Nearly a lifetime of Richard Pankratz’ work will be on display for the community to admire during an upcoming art exhibit at the Tri-Lakes Center for the Arts.

The Richard Pankratz 70th Birthday Retrospective Show will take place Sept. 3-28 in the main gallery. Pankratz is well known in the community and over the years has created sculptures, furniture, fountains and vessels and has given back to the community in which he calls home by organizing the very first Empty Bowl Dinner in Monument along with his wife Linda and local potter Anne Shimek. Pankratz has generously made many of the ceramic bowls for the dinner over the years.

“I consider the show retrospective because it’s about where I started up to this point,” Pankratz said.

“A lot of pieces will fill the main gallery. Over 50 years of artwork and 70 years of life,” added Linda Pankratz.

One of the pieces in the show will be the first bronze sculpture that Pankratz made in 1966.

Pankratz said when he was in fifth grade, he told people he would one day be an artist. He thought that being an artist meant he would be a painter, however. After high school, he attended the Kansas City Art Institute, where he was introduced to other mediums. He later transferred to Emporia Kansas State University.

It was there that he acquired a teaching degree and went on to teach art in Kansas and Colorado.

After 11 years, he decided to leave teaching and fulfill his dream of being an artist. He began selling ceramic pieces in the early 1970s. During the 1990s, Pankratz began phasing out of ceramics into sculptures made of casting bronze. One of his major transition pieces is called “The Explorers” and is displayed in his living room. The sculpture is made of ceramic and bronze.
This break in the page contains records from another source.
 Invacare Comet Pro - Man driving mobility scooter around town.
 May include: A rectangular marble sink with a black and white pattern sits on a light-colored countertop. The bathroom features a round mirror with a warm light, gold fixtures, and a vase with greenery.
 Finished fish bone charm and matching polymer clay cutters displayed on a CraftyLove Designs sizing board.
“It is a pivotal piece,” Pankratz said. “In life you go through things day to day and don’t realize how far you’ve come. That’s the way it was with the transition from pottery to sculptures.”
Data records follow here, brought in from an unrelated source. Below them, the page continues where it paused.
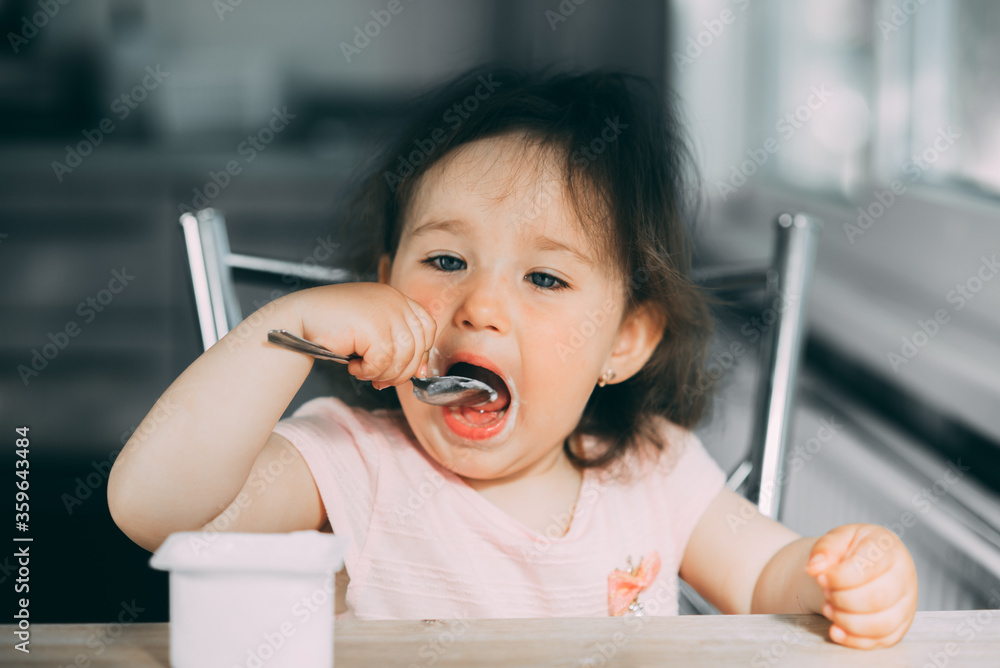 Cute, funny baby girl eating yogurt in the kitchen in a pink dress in the afternoon Cute, funny baby girl eating yogurt in the kitchen in a pink dress in the afternoon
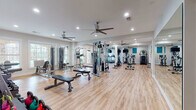 The HealthHUB Fitness Center is a spacious, single-floor facility designed to support a comprehensive workout experience. The interior features warm hardwood-style flooring throughout, crisp white walls, and recessed lighting complemented by multiple ceiling fans that maintain airflow and comfort during exercise sessions.

The main workout area is generously sized and thoughtfully organized, housing a diverse selection of strength training equipment including a multi-station cable machine, adjustable weight benches, a power tower, and a stair climber. A full-length wall mirror expands the sense of space and allows members to monitor their form. Cardio equipment such as treadmills, ellipticals, and a stationary cycle are arranged to maximize floor space and ease of movement.

A dedicated functional training zone features a HealthHUB-branded stair sled and a stretch mat area, while a rack of kettlebells and additional free weights lines the wall. Natural light flows in through multiple windows, offering views of the surrounding outdoor area, including what appears to be a pool. A motivational wall decal reinforces the fitness-focused atmosphere.

A utility corridor provides added convenience with a water fountain, built-in shelving, a granite-topped vanity counter, and sanitation stations, ensuring members have everything they need for a clean, comfortable visit.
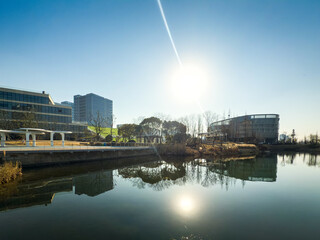 Peaceful Riverside Scene at Sunrise in Urban Setting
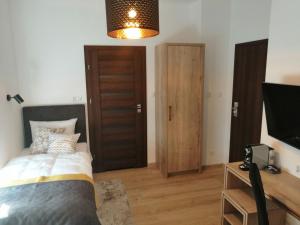 Posteľ alebo postele v izbe v ubytovaní Coffee Inn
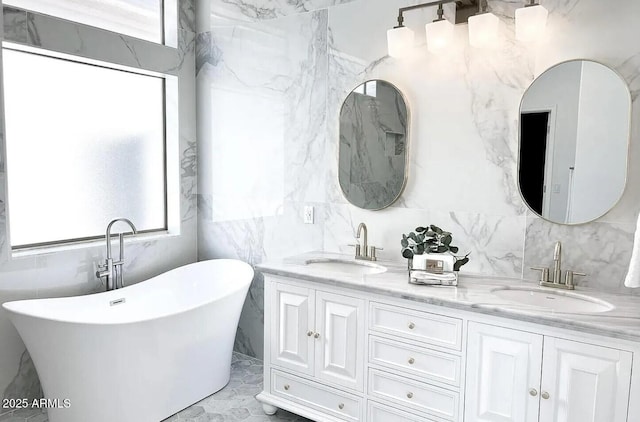 bathroom featuring vanity, plenty of natural light, and a tub to relax in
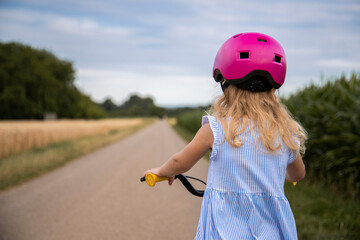 Fototapeta na wymiar Little child girl in a helmet rides a bike in a field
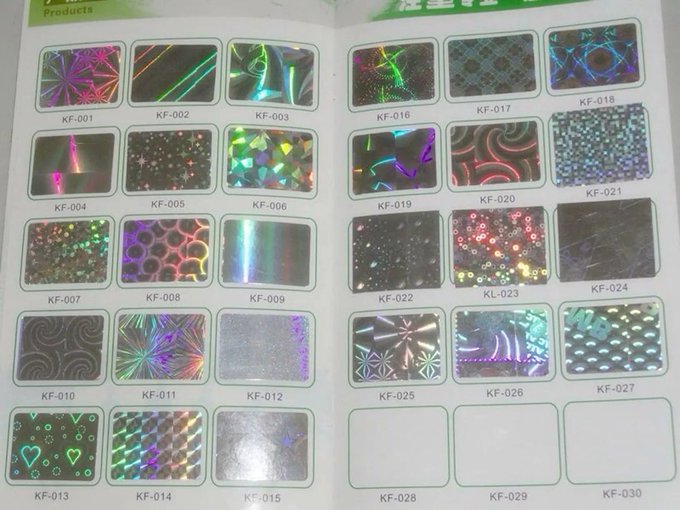 A catalog page displaying various holographic and laser-effect card samples labeled KF-001 through KF-030.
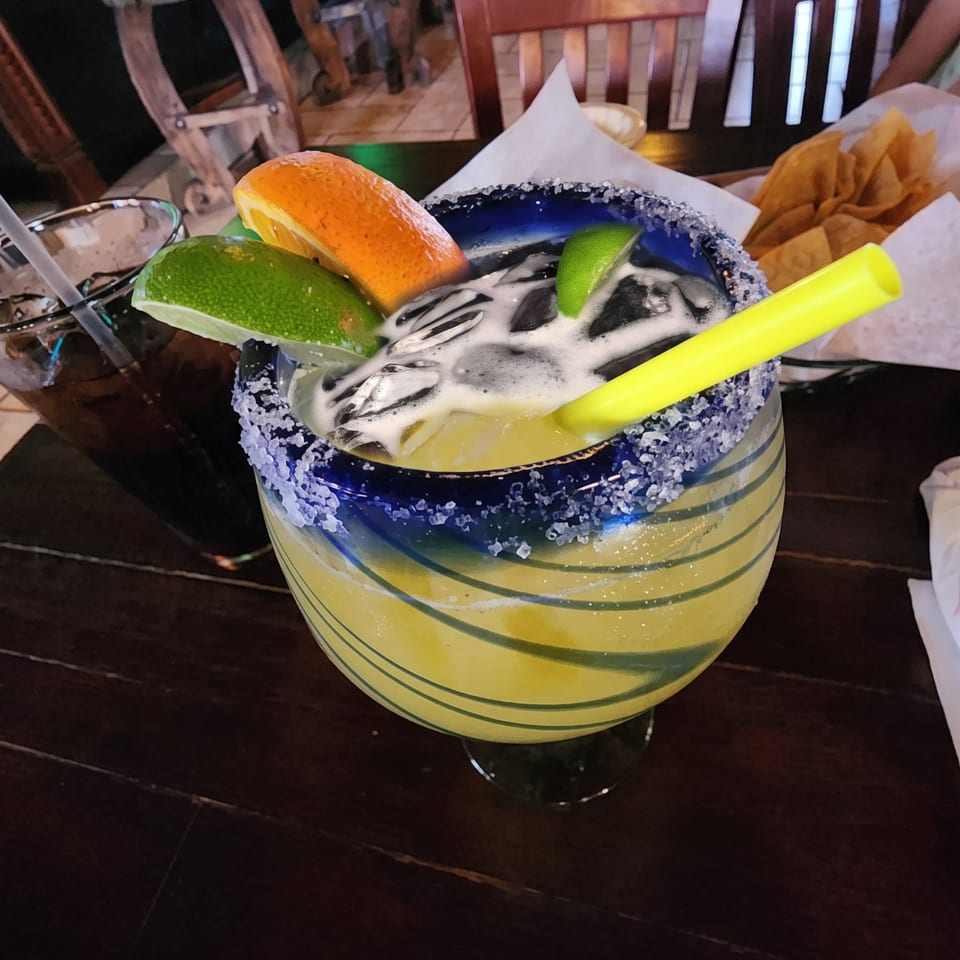 A large margarita in a blue-rimmed glass with lime and orange slices, next to a dark drink.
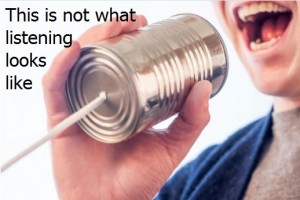 A person yelling into a tin can with a string attached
Pankratz said the days of functional ceramics are gone. His primary focus now is bronze sculptures. His sculptures have been featured in galleries in Arizona, New Mexico, California and South Carolina. They have also been featured at “Sculptures in the Park” in Loveland, an internationally recognized and juried exhibition.

The Richard Pankratz 70th Birthday Retrospective Art Show is a celebration of his work as he has gone from clay to bronze. The show will also feature a few paintings he has done over the years as a hobby. About 25 percent of the pieces in the exhibit will come from the Pankratz’ private collection and the private collection of those who have bought his sculptures. What is not private collection will be available for purchase. Also in the exhibit will be paintings by Colorado artist Karen Scharer.